▶ DATA FOR THIS TASK
****************
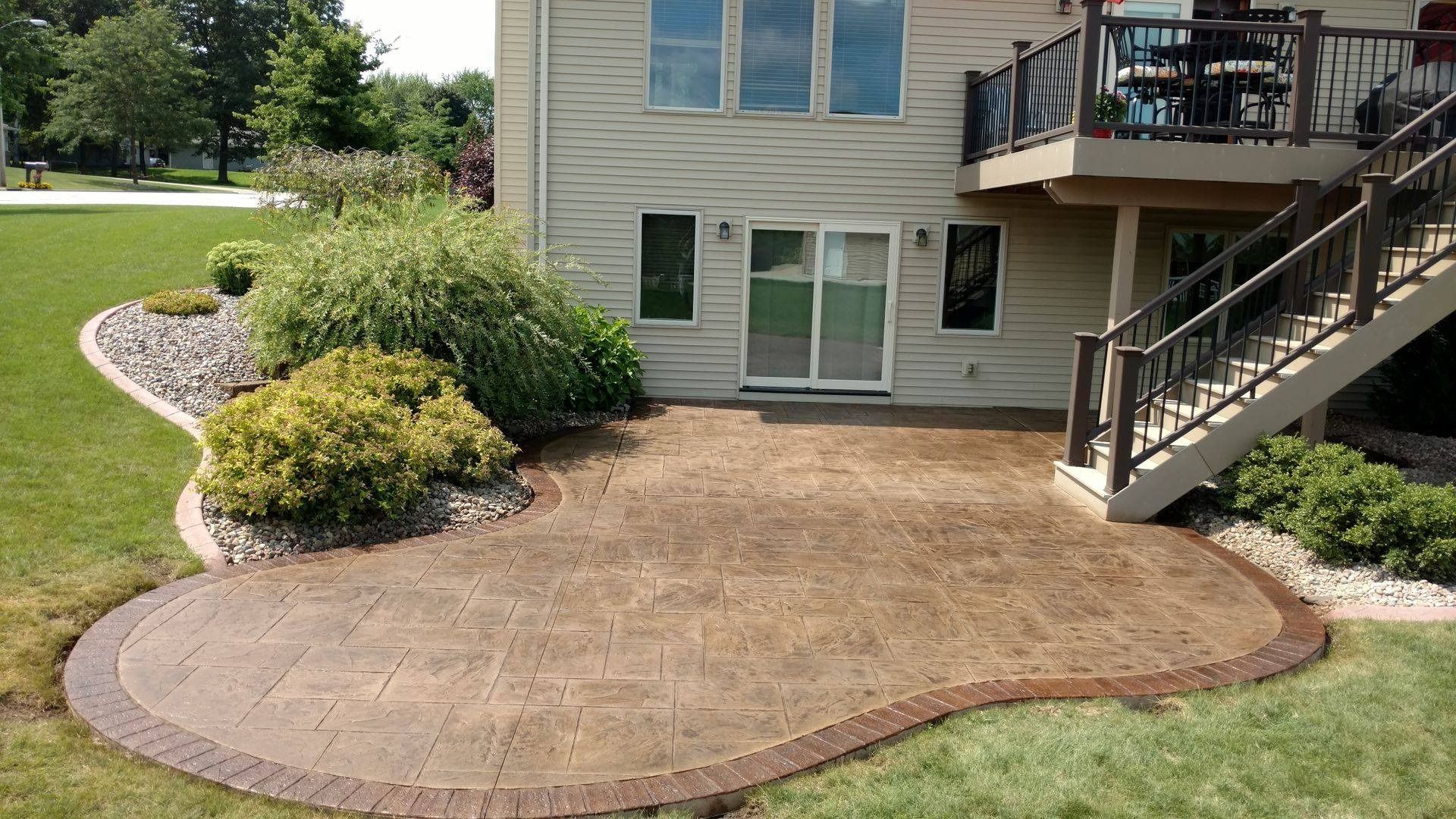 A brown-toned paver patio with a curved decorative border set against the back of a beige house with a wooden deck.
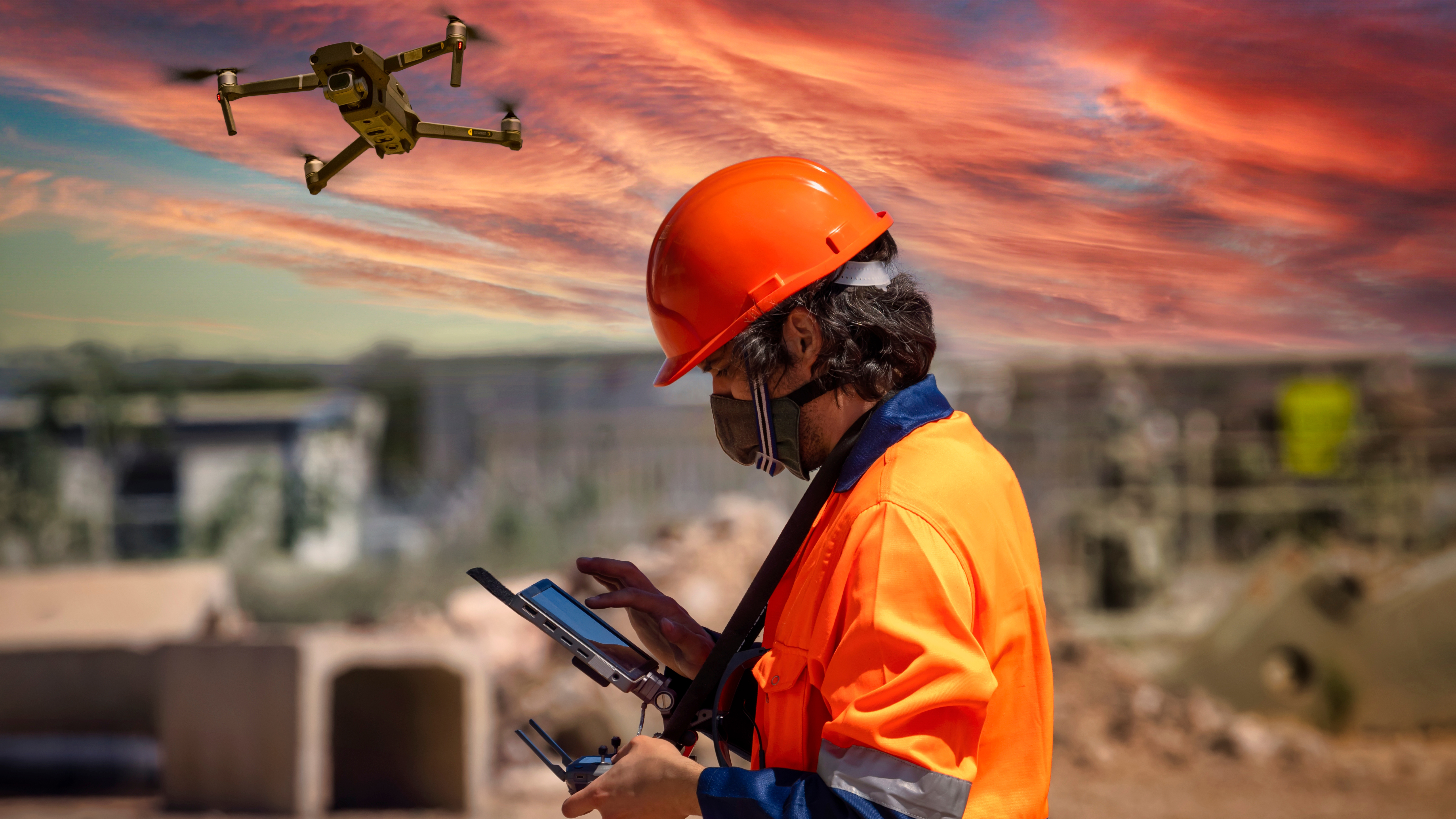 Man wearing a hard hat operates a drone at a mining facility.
****************
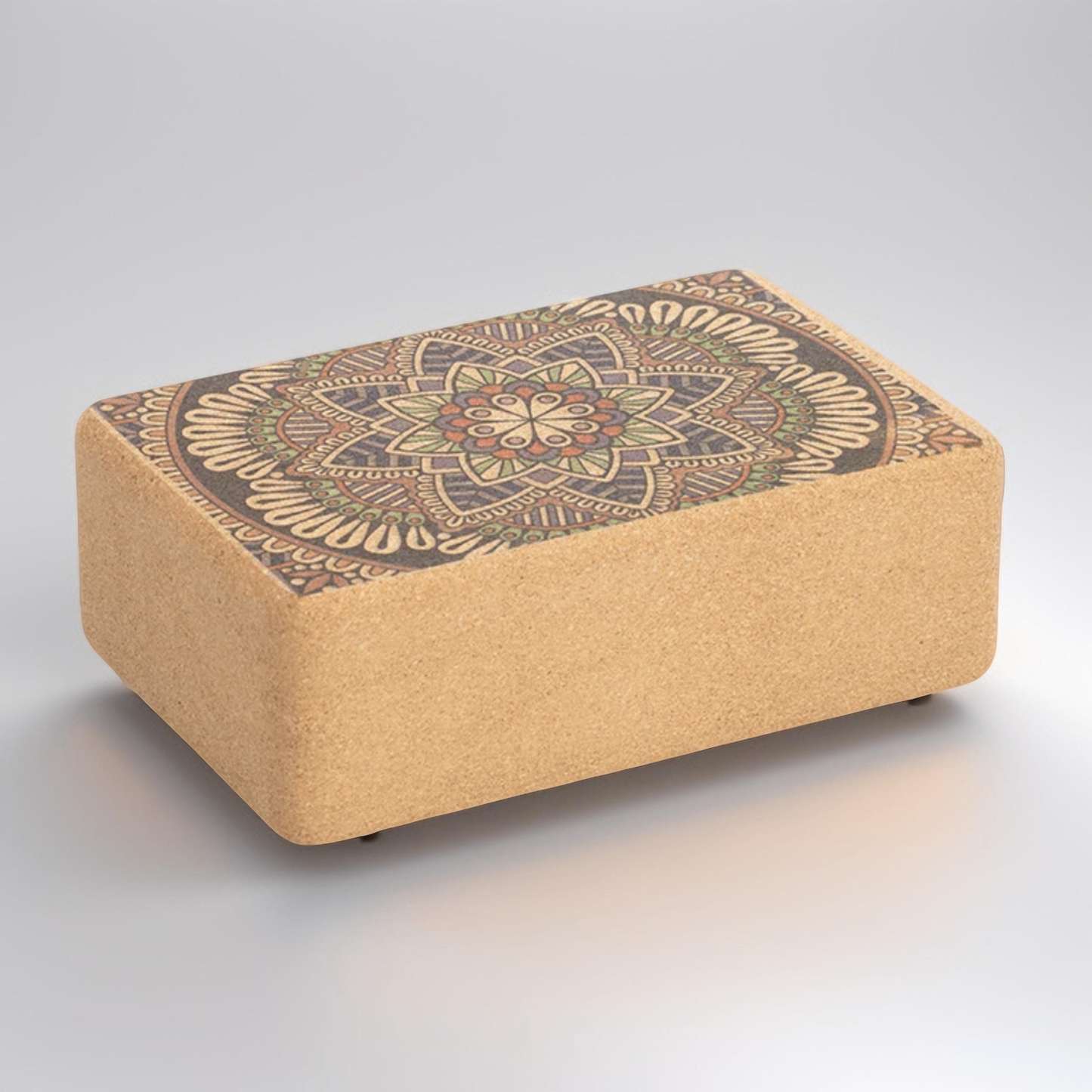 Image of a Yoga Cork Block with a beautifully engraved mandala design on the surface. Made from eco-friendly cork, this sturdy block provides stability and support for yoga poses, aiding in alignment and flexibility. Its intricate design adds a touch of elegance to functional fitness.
****************
▶ WHAT IS EXPECTED
Only the lines above from the one with "A brown-toned paver" to the one with "Man wearing a" should be printed, both included and exactly as written; no picture belongs in the copy.

▶ ANSWER BELOW
 A brown-toned paver patio with a curved decorative border set against the back of a beige house with a wooden deck.
 Man wearing a hard hat operates a drone at a mining facility.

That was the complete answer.